Fear could never give people the motivation to fix climate change. Constant fear of what will happen in the future forces a person to protect themselves from the relentless stress by shutting it out entirely or developing apathy.
A fear based argument for fixing climate change either causes a worldview of nature with no bond of kinship at all, based on the physical and practical dependence on Nature as a "resource," or forces people to experience their kinship with Nature only through grief.
Fear tells us that we want to live—it does not tell us WHY to live. If a person tries to live on fear alone, they will eventually find the desire to live burdensome and painful in itself. I see this emerging on a society wide scale in the USA, feeding on influences from the Christian evangelicalism that sees the Earth as something already sullied and worthless, to be thrown away like a dirty tissue, and on the looming monolith of nuclear winter that gave our parents recurring nightmares as children.
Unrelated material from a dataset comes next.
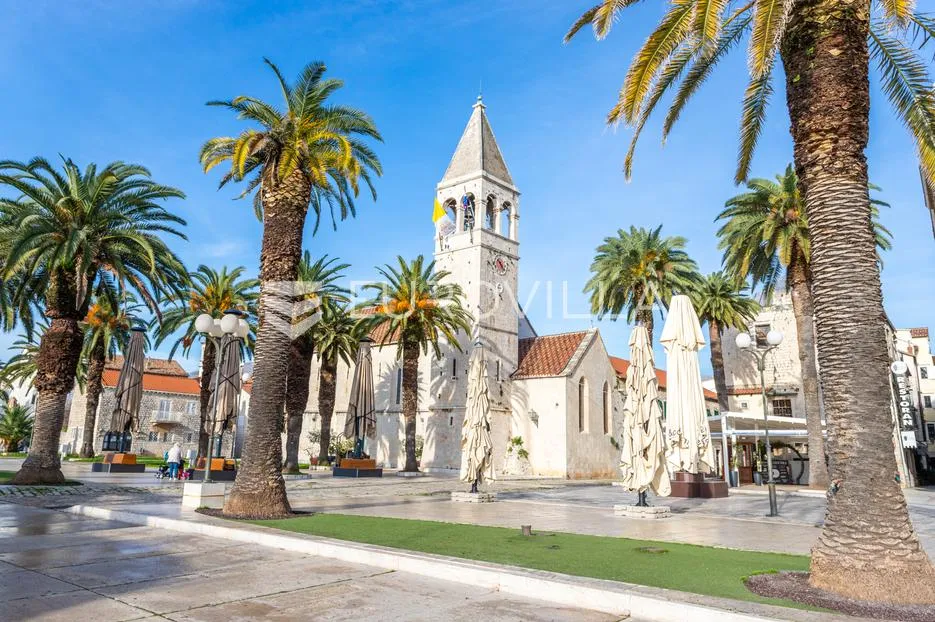 Trogir, kuća s tri apartmana s pogledom na more na 50 m od mora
If you go to r/collapse on Reddit (don't do that) you will see a whole community of people who cope with the threat of climate change by fantasizing about it, imagining it as a collective punishment for all humanity and a cathartic release from the present painful situation.
We cannot learn to live without seeing the reason for living. We cannot save the Earth without loving it. We cannot heal nature without caring for it. In order to collectively take action against climate change, we must be moved by something other than fear—and that something is love. Not just love of the outdoors as an activity, but love of the Earth as something that loves us.
The dominant Western culture cannot borrow Indigenous land stewardship techniques as though they are just one climate resilience strategy, without being also willing to change its dreadfully impoverished way of viewing human relationships with Nature.
What right have we to think, "Huh, maybe those guys were on to something with the multi-level polyculture systems and controlled burns" while still thinking humans are nothing but a disease on the Earth, and that Earth would be happy to be rid of us? The sustainable ways of using the land practiced traditionally by cultures who have lived in relationship with their ecosystems for many generations work because humans can exist in mutualistic symbiosis with the life forms around them. We care for them. They care for us.
I know for a fact that plants seek relationships with us, and I was taught by them to see how interconnected everything really is, and how I was made to be a caretaker of my ecosystem. I was, a few years ago, just as I describe above. Too scared and pessimistic about the future of nature to bother loving it, and because of this, I could not realize my niche in the ecosystem. It felt for many years like I could do nothing—i believed in climate change, but I felt hopeless, so I put it out of my mind. But when I began to cultivate a love and reverence for the sad, scraggly, beaten-down fragments of Nature around me, everything changed. So much became possible.
I am still learning and exploring, trying to open my mind to ideas totally different than the ones I knew growing up, paying close attention to every plant and learning its ways. And it stuns me to think—some people write about climate change without this process.
The author of the book "The Uninhabitable Earth" (a scary book about how doomed the Earth is because of climate change) says in the beginning of the book that he is not very much of a nature lover. You fool, love is our most powerful evolutionary adaptation!